Le intercettazioni ambientali e telefoniche, unite a una lunga attività di pedinamento, hanno poi confermato ogni sospetto. In alcune conversazioni captate, sono emersi aspetti ancora più gravi. Per coprire le sottrazioni di carburante e giustificare l’interruzione dei servizi, i netturbini avrebbero finto guasti meccanici ai mezzi. In alcuni casi, si sarebbe arrivati a danneggiare deliberatamente i veicoli. “Stiamo tagliando i fili dei freni”, si ascolta in una delle registrazioni, “così dico che è scattata la spia e mi fermo”.

Danno pubblico, condanne penali e contabili

Nel 2023 era arrivata la prima risposta della giustizia penale: i cinque hanno patteggiato pene fino a due anni e tre mesi per peculato. Ora, a distanza di mesi, è arrivata anche la sentenza della Corte dei Conti, che ha valutato l’entità del danno economico e d’immagine provocato alla municipalizzata romana.

Secondo i giudici contabili, il comportamento dei cinque ha causato un danno complessivo di 107mila euro. Una cifra che include sia il valore del carburante sottratto sia l’uso illecito delle carte carburante aziendali, oltre al danno derivante dal mancato svolgimento del servizio pubblico.

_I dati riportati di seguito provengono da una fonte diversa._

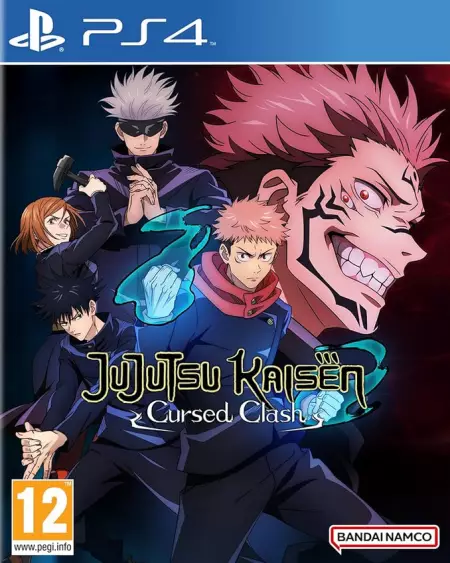 Jujutsu Kaisen Cursed Clash PS4 - PlayStation 4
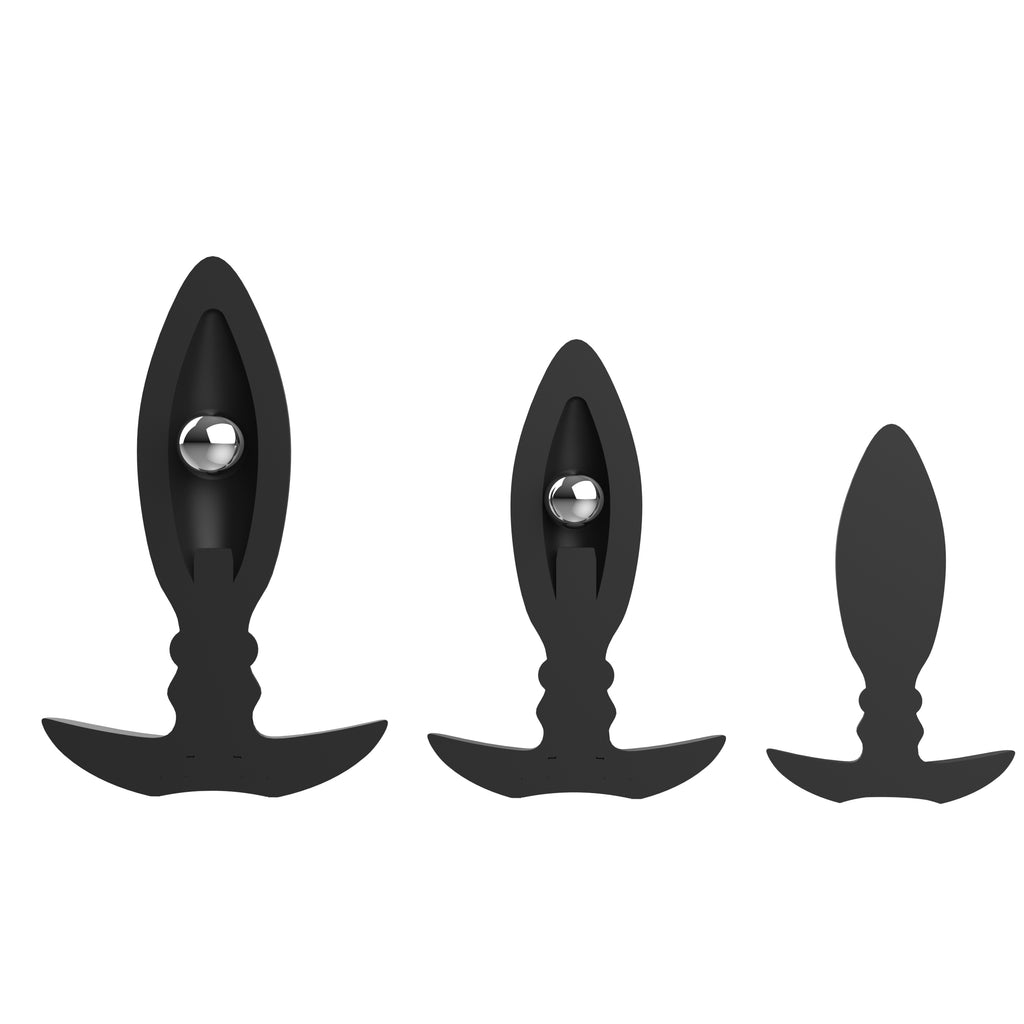 Silicone Anal Toy
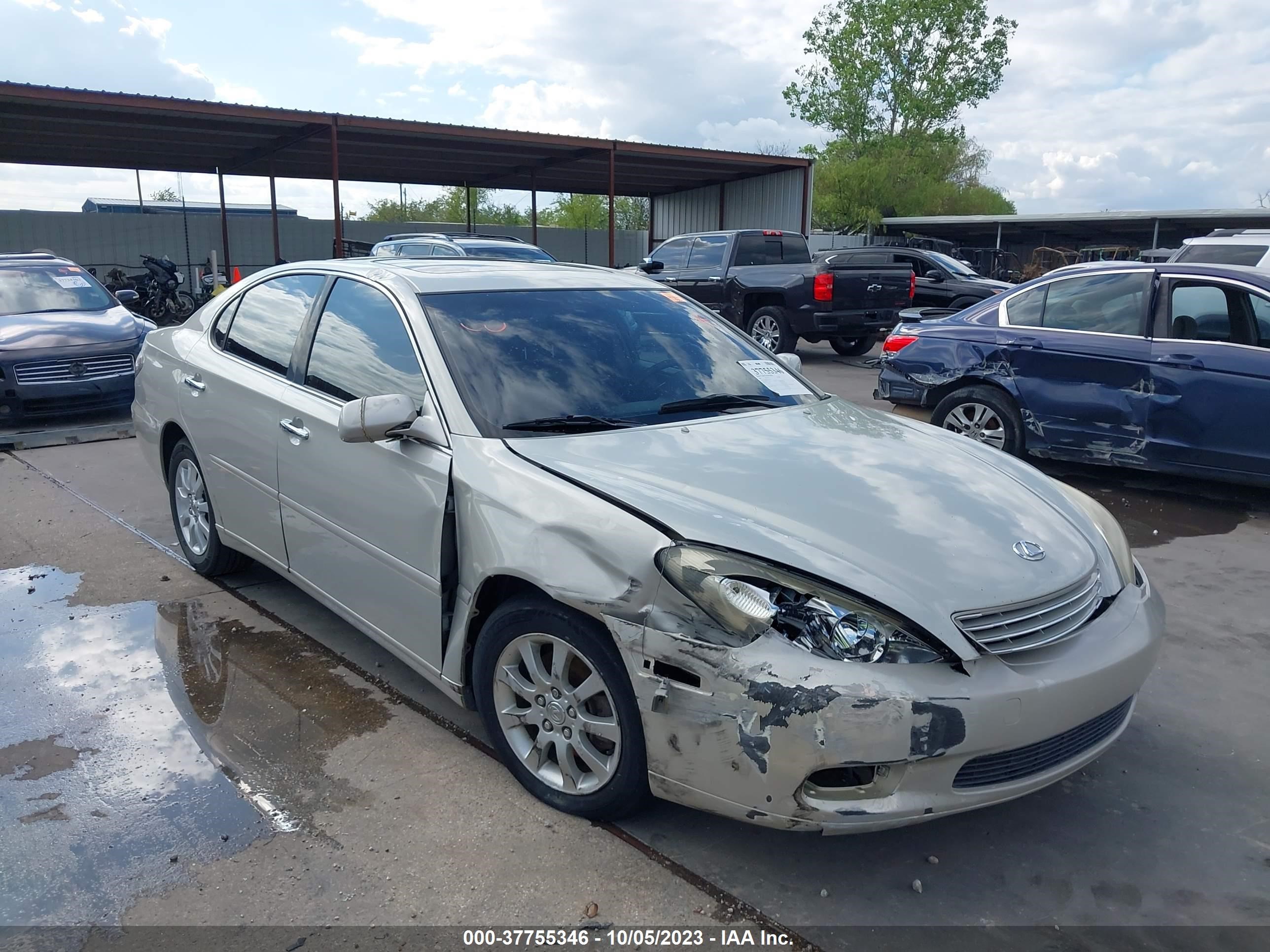 LEXUS ES 2003 jthbf30g535041011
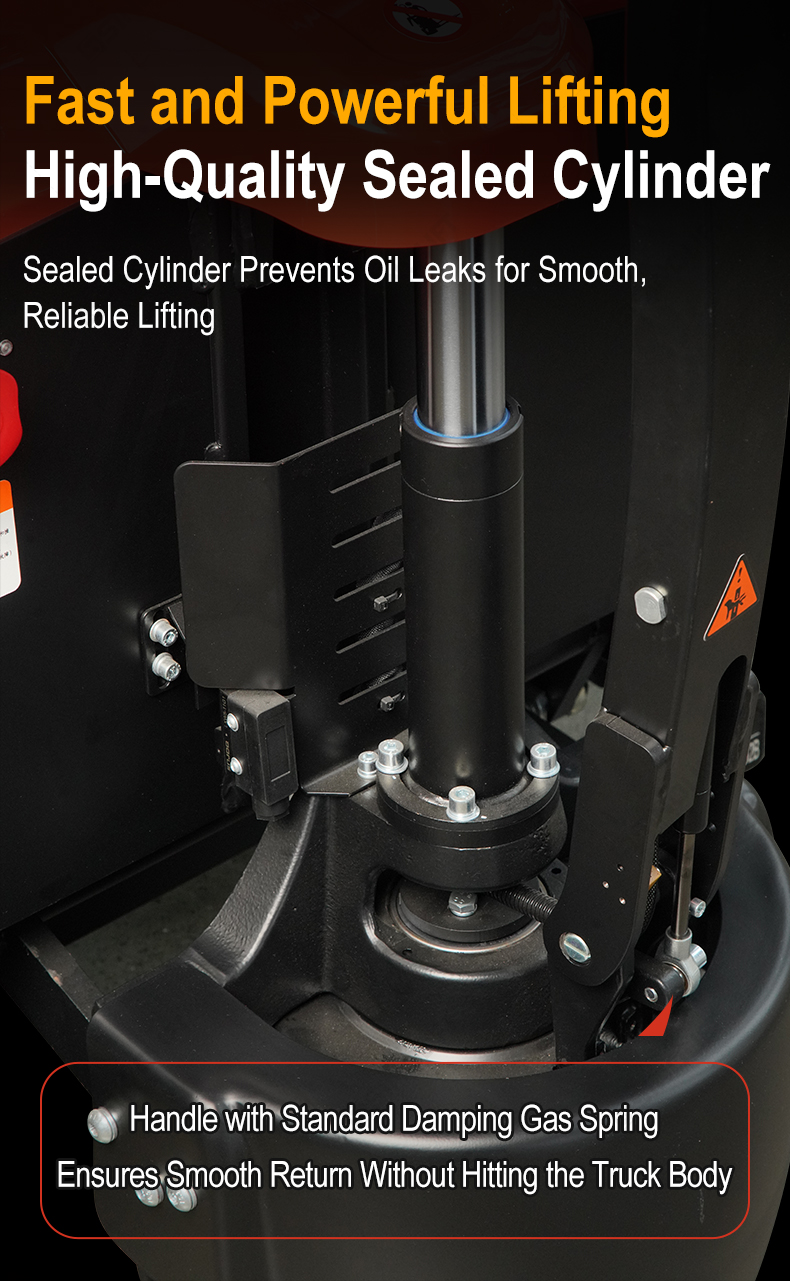 EPT15Q EPT20Q EPT30Q Electric Pallet Truck with Maintenance-Free High-Capacity Battery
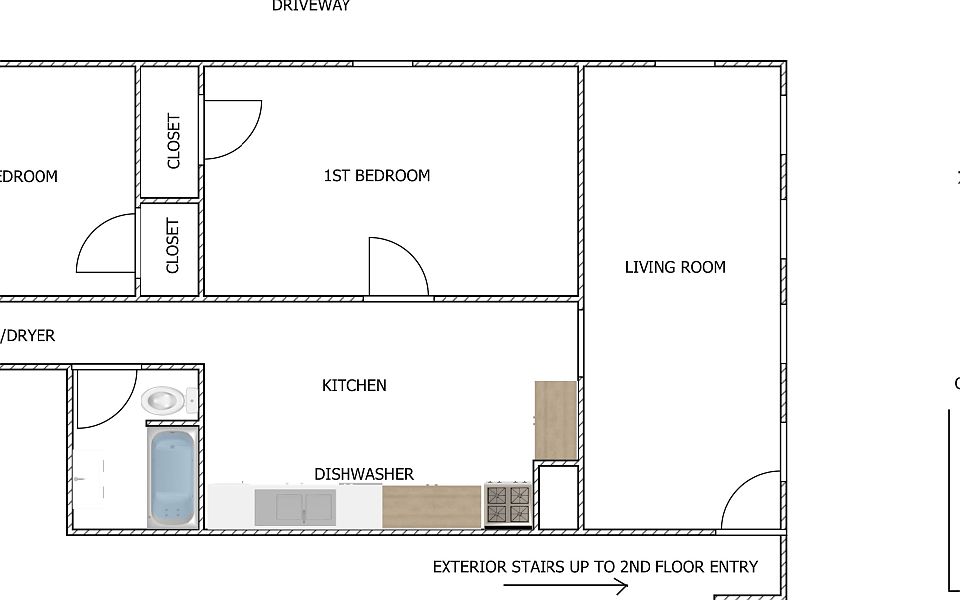 This is the Apartment 4 Layout!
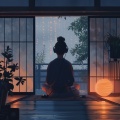 Calm Lofi Moments、Comfortable Meditation Tracks、Harmony in Meditation - Meditation Deep Vibes Lofi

La sentenza, depositata il 12 maggio, conferma il quadro accusatorio. Le prove raccolte — intercettazioni, video, documenti scritti — lasciano poco spazio a dubbi. Tuttavia, le sanzioni economiche inflitte risultano più basse rispetto alle richieste iniziali. Quattro dei cinque imputati sono stati condannati in solido a risarcire 10mila euro per danno da disservizio e 6mila euro per danno d’immagine. Il quinto, ritenuto marginale, dovrà versare solo 1000 euro. Totale complessivo: 17mila euro.

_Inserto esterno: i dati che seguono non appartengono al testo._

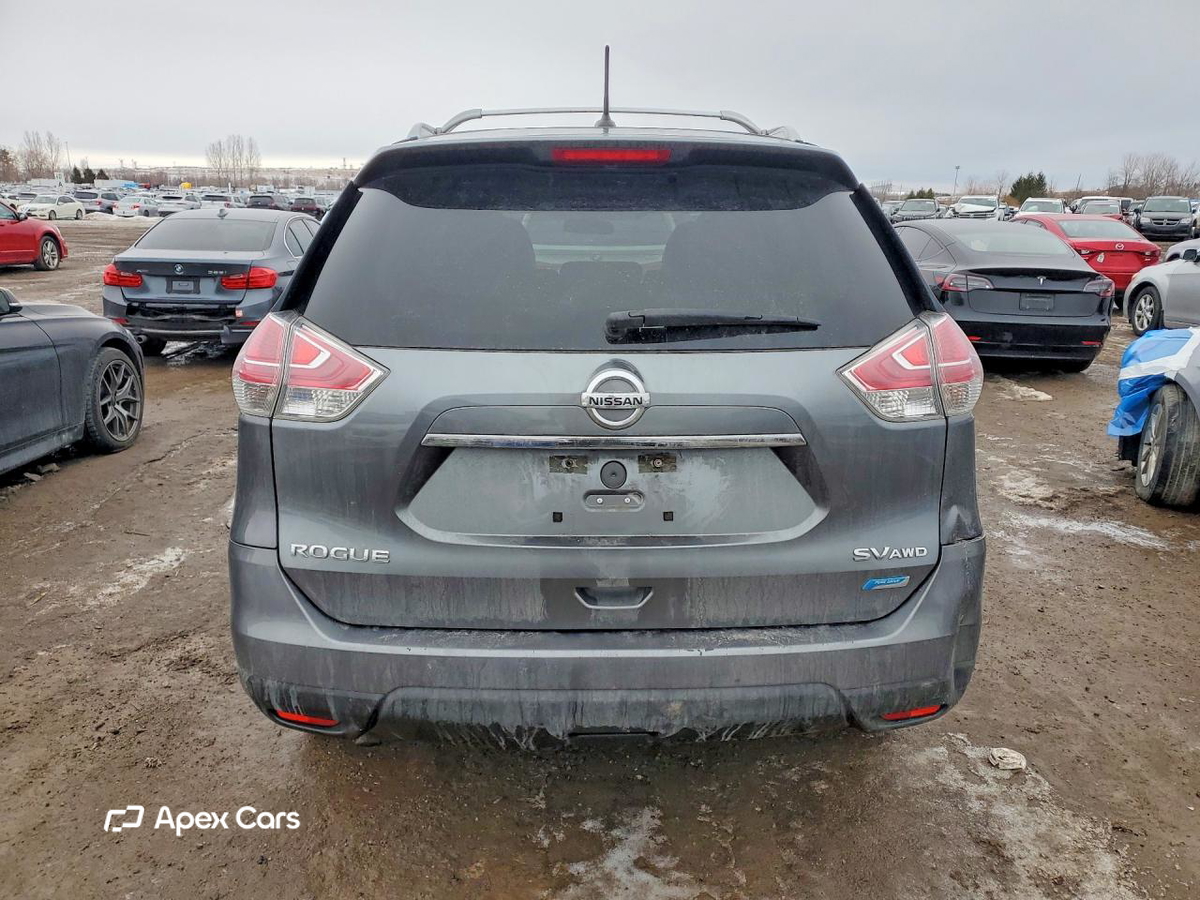 Nissan Rogue 2014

Il prezzo dell’illegalità nel servizio pubblico

Al di là delle cifre, il danno più profondo resta quello inflitto alla fiducia dei cittadini nei confronti di un servizio già spesso sotto accusa per inefficienze e disservizi. Il comportamento di pochi ha infangato l’intera categoria, colpendo l’immagine di un’azienda che ogni giorno affronta le difficoltà di una città complessa come Roma.

La vicenda dei netturbini ladri di gasolio è solo l’ennesimo episodio che conferma quanto siano fragili i confini tra dovere pubblico e interesse personale, soprattutto quando a mancare sono i controlli, la trasparenza e il senso del bene comune.